L’ITALIA non è un Paese per giovani. Lo sappiamo bene, ormai da tempo. Infatti, ogni 100 ragazzi, sotto i 15 anni, ce sono quasi 160, oltre i 65. E nei prossimi 10 anni, secondo l’Istat, sono destinati a crescere in misura esponenziale. Fin quasi a 260. D’altronde, l’età mediana, nel nostro Paese, sfiora i 50 anni. Sono dati ormai noti, anche ai non addetti ai lavori. Basta guardarsi intorno, per accorgersi che i giovani e i giovanissimi sono una razza in via di estinzione.
TABELLE – LE PAROLE DEL FUTURO
Aggiungiamo che i flussi migratori non ci vedono solo come un Paese di destinazione. Ma soprattutto di passaggio, visto che buona parte degli immigrati che giunge in Italia lo fa per andare altrove. In Germania e in Gran Bretagna, anzitutto. Peraltro, anche l’Italia è divenuta Paese di “emigrazione”. Nell’ultimo periodo, infatti, sono espatriati, in media, oltre 100 mila italiani l’anno. Nel 2016: 106 mila. In maggioranza: giovani, fra 18 e 34 anni. Con titolo di studio e livelli professionali elevati. Se ne vanno dall’Italia perché qui non trovano sbocchi occupazionali adeguati.
Ormai, si tratta di una convinzione diffusa e consolidata: circa 6 persone su 10, infatti, pensano, realisticamente, che i figli – a differenza del passato – non riusciranno a riprodurre o, a maggior ragione, a migliorare la posizione sociale dei genitori. Mentre 2 italiani su 3 ritengono che, per fare carriera, i giovani se ne debbano andare altrove. E si comportano di conseguenza. Se ne vanno e non ritornano. Per questo, la rappresentazione del mondo delineata dai giovani appare sempre più ripiegata sul passato. Sempre meno aperta. Il linguaggio riflette e ripropone, in modo marcato, questa visione.
Lo conferma il sondaggio dell’Osservatorio di Demos-Coop, dedicato al Dizionario dei nostri tempi, condotto e presentato nei giorni scorsi su Repubblica.
Le parole dei giovani, infatti, si distinguono e si caratterizzano proprio per questo. Perché richiamano il passato più del futuro. I giovani: guardano indietro.
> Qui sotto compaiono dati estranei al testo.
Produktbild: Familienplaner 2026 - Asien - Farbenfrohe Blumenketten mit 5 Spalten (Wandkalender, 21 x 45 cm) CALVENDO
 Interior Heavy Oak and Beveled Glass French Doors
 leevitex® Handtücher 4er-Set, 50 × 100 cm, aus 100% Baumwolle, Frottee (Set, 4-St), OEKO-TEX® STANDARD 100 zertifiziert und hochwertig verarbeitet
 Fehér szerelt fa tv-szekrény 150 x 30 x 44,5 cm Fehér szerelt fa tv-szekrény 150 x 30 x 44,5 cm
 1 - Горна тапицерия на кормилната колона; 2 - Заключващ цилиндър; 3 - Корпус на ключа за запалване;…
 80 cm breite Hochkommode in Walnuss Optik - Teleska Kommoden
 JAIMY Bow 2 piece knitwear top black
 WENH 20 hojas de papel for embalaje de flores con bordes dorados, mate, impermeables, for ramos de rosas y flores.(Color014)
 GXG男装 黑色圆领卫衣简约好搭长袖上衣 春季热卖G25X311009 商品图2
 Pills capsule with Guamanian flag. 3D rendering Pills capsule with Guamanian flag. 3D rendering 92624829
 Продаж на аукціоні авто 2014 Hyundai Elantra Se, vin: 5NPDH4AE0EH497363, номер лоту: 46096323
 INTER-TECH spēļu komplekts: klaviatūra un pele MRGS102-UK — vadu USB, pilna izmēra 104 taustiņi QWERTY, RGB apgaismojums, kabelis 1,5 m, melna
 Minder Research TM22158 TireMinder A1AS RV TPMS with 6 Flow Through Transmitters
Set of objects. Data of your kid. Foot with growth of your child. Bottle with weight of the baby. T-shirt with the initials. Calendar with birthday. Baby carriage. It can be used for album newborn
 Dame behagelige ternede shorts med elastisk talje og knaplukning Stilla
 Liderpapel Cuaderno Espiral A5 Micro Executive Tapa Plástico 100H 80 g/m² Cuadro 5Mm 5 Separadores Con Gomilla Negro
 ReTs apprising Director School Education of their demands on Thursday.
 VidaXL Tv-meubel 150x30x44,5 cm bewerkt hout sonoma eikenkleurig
Ancor più dei loro genitori. La parola “Speranza”, nella popolazione, è proiettata nel “futuro”, da quasi due persone su tre. Ma fra i giovanissimi (15-24 anni) la proporzione si riduce sensibilmente: 57%. E fra i giovani-adulti (25-34 anni) crolla al 41%. La nostra gioventù: ha poca speranza. Tanto più nella transizione verso l’età adulta. Più che in avanti, pare scivolare indietro. Verso il passato prossimo. Per questo i giovani non credono molto nella “ripresa”. I giovani-adulti ancor di meno. Più che a “riprendere” pensano a “resistere”. Perché sono disillusi. Secondo loro, il “merito” conta poco, nel lavoro. E, in generale, nella vita. Oggi. E tanto più domani. Per questo di fronte all’Italia appaiono disillusi. Anche se non delusi.
Il Presidente degli USA, discusso per lo stile e i contenuti del suo messaggio, prima ancora che per le sue scelte politiche. Ebbene, secondo un quarto degli italiani, Trump è destinato ad avere più importanza. Domani. Nel futuro. Ma fra i giovani e ancor più fra i giovanissimi questa misura cresce ancora. Di più. Fino al 36%. Questi giovani: sembrano in difficoltà a orientarsi. A spingersi, a proiettarsi e a progettarsi. In avanti. A uno sguardo d’insieme, magari affrettato: evocano l’idea di una generazione che ha perduto la speranza. E non riesce a trovare buone ragioni per
credere nel futuro. Questa generazione. Evoca un’ombra che incombe su tutta la nostra società. Perché i giovani sono il nostro futuro. E se i giovani perdono la speranza come possiamo sperare nel futuro della nostra società? Come possiamo sperare nel futuro?